Even if a reviewer isn't comfortable calling games out on accessibility issues like small text, "you can still let people make informed purchase decisions by ensuring that UI text is shown in the screenshots of your reviews," Hamilton says. "The same could easily be done for other key accessibility issues too, like showing what subtitles look like at their most prominent settings, or showing what the default controls are."

It behoves us all to work towards a more accessible future: the community, journalists, outlets, everyone. For developers, doesn't it make sense to make sure the information you spend countless hours organising and presenting can actually be read?
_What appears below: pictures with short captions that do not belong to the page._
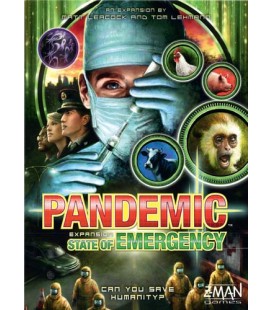 پندمیک : وضعیت اضطراری (Pandemic: State of Emergency)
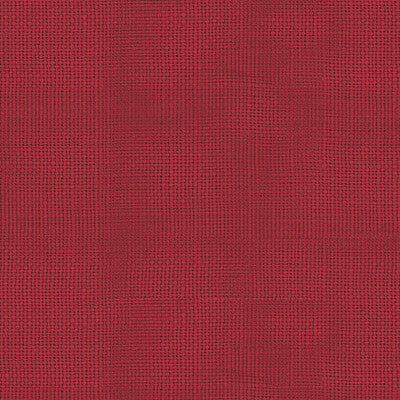 Samples and Purchasing available for Bankers Linen - Red Red By Brunschwig & Fils | Gis |Solid Texture Multipurpose Linen at Designer Wallcoverings and Fabrics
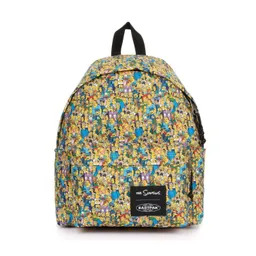 Eastpak Eastpak Padded Pak'r® Special Edition Rucksack The Simpsons – Produktbild 1 von 1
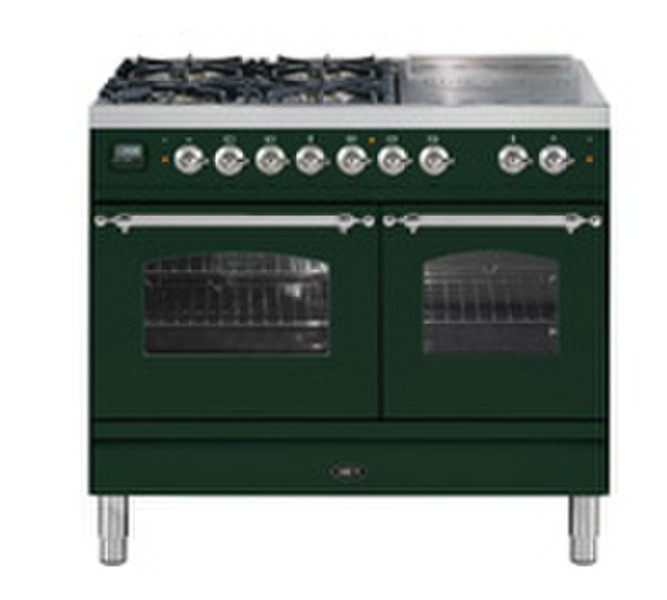 Boretti VPNO-104 S GR Freistehend Gas hob Küchenherd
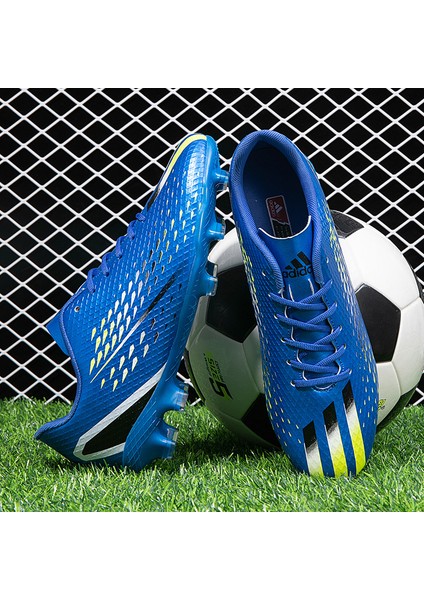 Erkek Futbol Ayakkabısı - Mavi (Yurt Dışından) modelleri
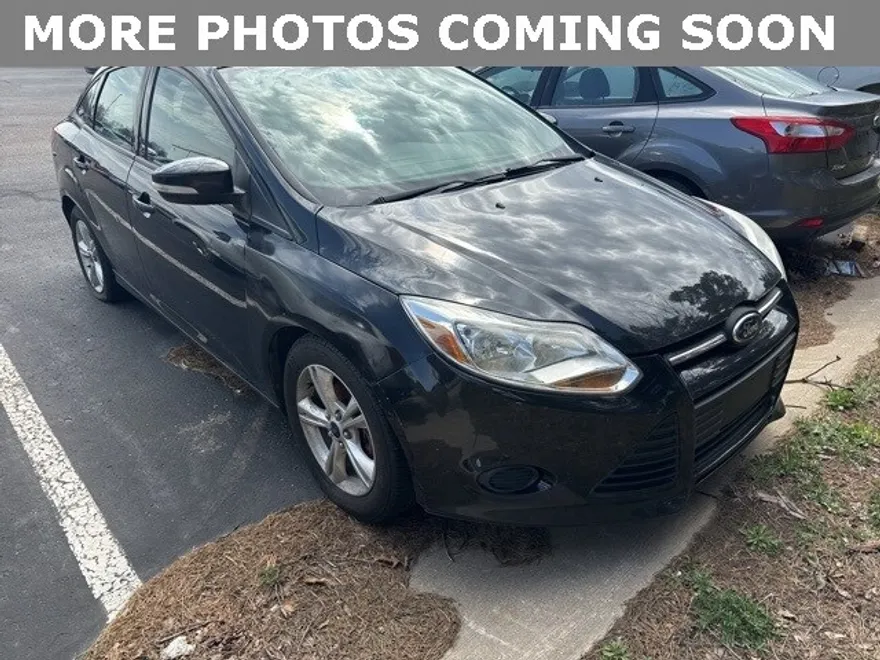 2014 Ford Focus SE photo 1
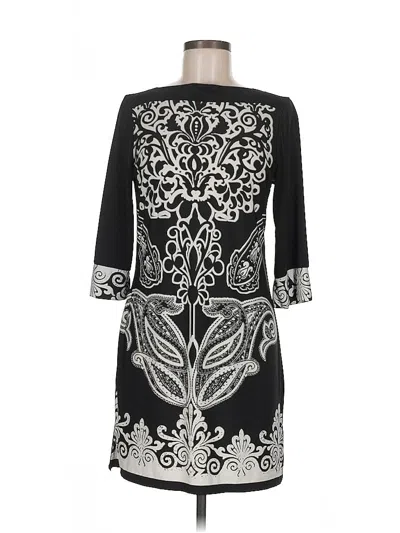 Pre-owned New Directions Cocktail Dress In Black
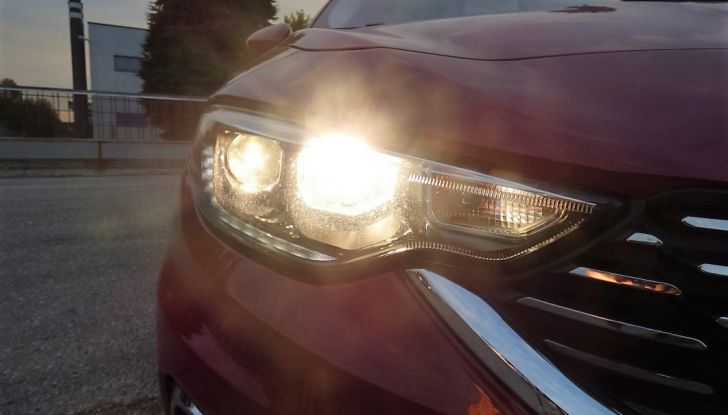 Fiat Tipo 5 porte, la prova su strada del Multijet 1.6 da 120CV: non vorrei ma posso - Foto 6 di 38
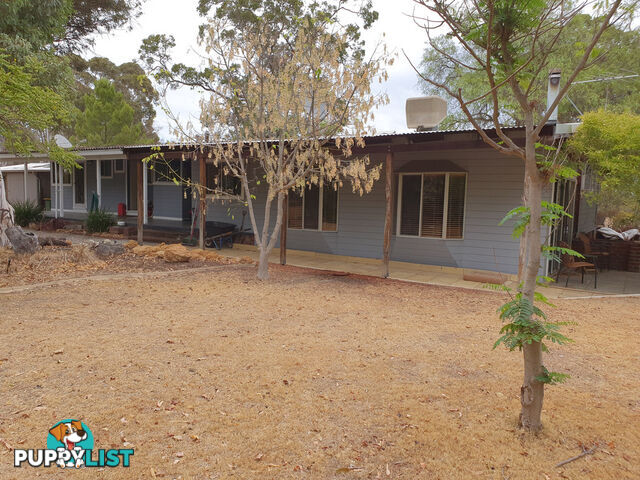 263 Refractory Road BAKERS HILL WA 6562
It's challenging, there's no doubt about that. But the text sizes we're seeing now simply aren't good enough. It's a failure of design, one few are willing to admit to, especially when found in their favourite games (cough, Elden Ring, cough). But as Tchia demonstrates, even some of the best games - games which have the best intentions around accessibility - can be markedly affected by not ensuring players are able to read the information they provide.


Glossary

Font/Typeface: A typeface is a set of characters and a font is how those characters are implemented. For instance, Times New Roman is a typeface, while Times New Roman 12pt is a font, as is Times New Roman bold. However, these terms are often used interchangeably and only the worst pedants will correct you.

Weight: Type weight are categories of fonts, like bold, italic, semibold, etc.

Tracking: The generalised space between letters. This is separate but linked to kerning, which is the space between individual characters.

Leading: The space between lines.

Proportional type: Type that resizes proportionally to its weight, taking up more space the bolder it gets.

Multiplexed type: Type that inhabits the same total space regardless of its weight.